Selected Sermon/Article
2010-03-26 Beyond Twelve Gates (BTG) by Rabbi Zeev Smason
Parshas Tzav


Beyond Twelve Gates -  Rabbi Ze'ev Smason

Parshas  Tzav -- Passover    March 26, 2010



Beyond Twelve Gates        Parshas Tzav -- Passover        March 26, 2010


This coming Monday evening, March 29, begins the major festival of Passover. Passover, known in Hebrew as Pesach, is a national birthday party; it was then that the 'Children of Israel' --- who later became the 'People of Israel' -- began their march through history with the Exodus from Egypt.   


French author Andre Gide once said, "It is better to be hated for what you are than loved for what you are not."  Have the Jewish people been hated?  Without a doubt.  The Haggada reminds us that 'In every generation they arise to destroy us, but the Almighty saves us from their hand.'  But what are we?  Do the Jewish people have a greater purpose? One of our worst enemies, Adolf Hitler, blamed the Jews for "two great wounds upon humanity: circumcision of the body and conscience of the soul."  Hitler well understood our national mission; to be a moral and ethical light unto the nations of the world.  Passover is the celebration of the beginning of that mission.  May you and your families have a meaningful and joyous holiday.

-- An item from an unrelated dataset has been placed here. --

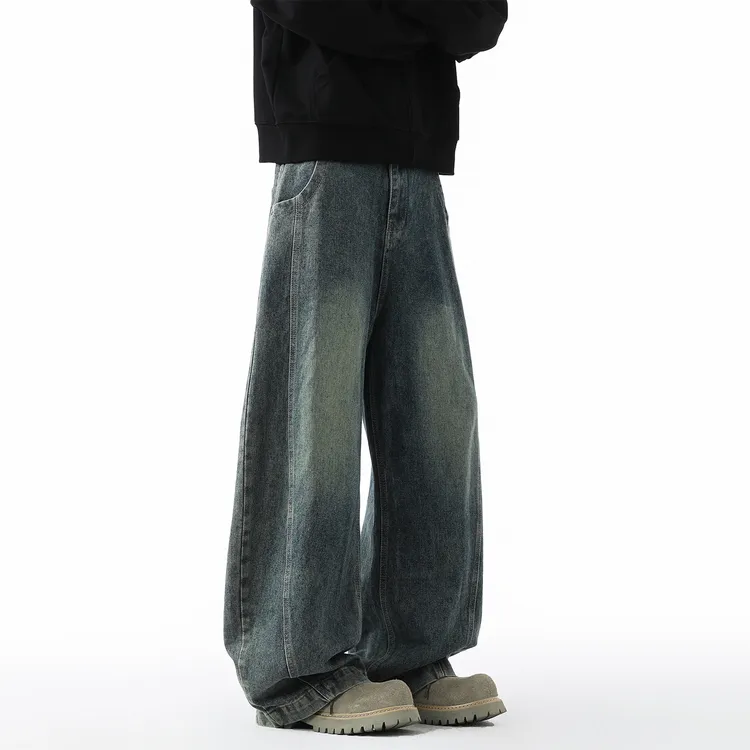 仓石一树潮牌美式复古高街阔腿牛仔裤男士秋冬加绒痞帅直筒休闲裤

Parshas Tzav Leviticus 6:1 -- 8:36


The portion begins with G-d continuing to teach Moses many of the laws relating to the Mishkan service.  However, while last week's portion described the korbanos (offerings) from the perspective of the giver, this week the Torah focuses more directly on the Kohanim, providing detail about their service.  After first describing the maintenance of the fire which burned on the altar, the Torah discusses in detail the various kinds of korbanos which Aaron, his sons, and the succeeding generations of Kohanim would be offering.  The offerings must be brought with the proper intentions and eaten in a state of spiritual purity.  Finally, Moses performs the lengthy consecration service of the Mishkan, and Moses anoints Aaron and his sons for their service in the Mishkan, in front of the entire congregation of Israel.

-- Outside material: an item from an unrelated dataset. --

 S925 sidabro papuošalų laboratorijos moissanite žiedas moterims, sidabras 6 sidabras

Passover begins on Monday evening, March 29.  On the first day of Passover, Tuesday, the Torah reading is from Exodus 12: 21- 51.  This reading describes the Exodus from Egypt and the Passover offering.  On the second day of Passover, Wednesday, the Torah reading is from Leviticus 22:26 -- 23:44.  This reading describes journeying to the Holy Temple in Jerusalem on the three pilgrimage festivals (Passover, Shevous, Sukkos) and the counting of the Omer


Rabbinic Ruminations


This Shabbos preceding Passover is referred to as Shabbos HaGadol, or the Great Shabbos.  What is it that makes this particular Shabbos 'Great'?


The Midrash states that in Egypt Moses was able to convince Pharaoh that the enslaved Jews should have one day a week to rest.  This day, Moses argued, would enable them to be more productive than the other days of the week.  So, the Jews observed Shabbos while in Egypt, and it was known as "The Day of Moses."  Shabbos is, however, much more than a day of physical rest.

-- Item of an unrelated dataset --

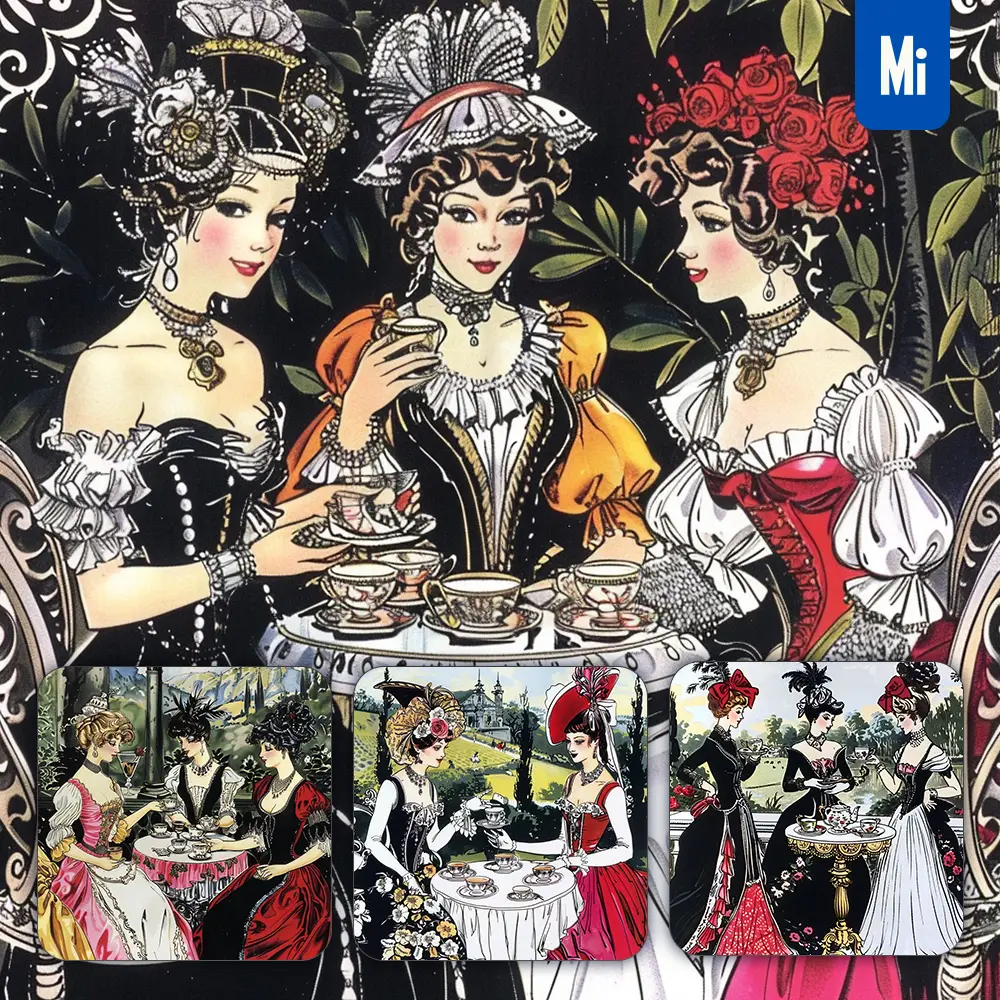 Midjourney Prompt Lady Noble Ladies Retro Leisure Villa Afternoon Tea Illustration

A 'National Day of Uplugging' was recently advocated by a secular not-for-profit Jewish group to 'unplug' from technology on Shabbos. They suggested that all Jews put down their cell phone, stop the status updates on Facebook, shut down Twitter, sign out of e-mail and reclaim time to slow life down and reconnect with friends, family, the community and themselves for 24 hours.  Doesn't that sound like a nice idea?!


Contemplating the purpose of existence and what we hope to do with our lives is a central goal of Shabbos.  More than simply a day of not working, a person who is truly free will utilize Shabbos to choose their goals and determine their purpose.  The Shabbos on the eve of our liberation from Egypt differed from the Shabbos that was "The Day of Moses."  This was no longer to be a day of rest for weary slaves, but a day of spiritual uplifting for people who are free.  That Shabbos was -- just as each and every Shabbos can be -- a Great Shabbos.  (adapted from Living Each Day, Rabbi Dr. Abraham Twerski)


Quote of the week


We must all hang together or most assuredly we will all hang separately -- Benjamin Franklin


Joke of the week


Yankel, a Jewish actor, is desperate for work. Finally, he sees a classified ad that says: "Actor needed to play an ape."  To his surprise, the employer turns out to be the St. Louis Zoo.  Owing to recent budget cuts and the recession, the Zoo can no longer afford to import a real ape to replace the recently deceased one.   So until they can, they're prepared to put an actor in an ape suit.  In desperation Yankel takes the job.  He feels undignified in the ape suit while stared at by the crowds who watch his every move.  Gradually, however, Yankel comes to enjoy the attention, and begins to show off by roaring, beating on his chest, and swinging on the trees and vines.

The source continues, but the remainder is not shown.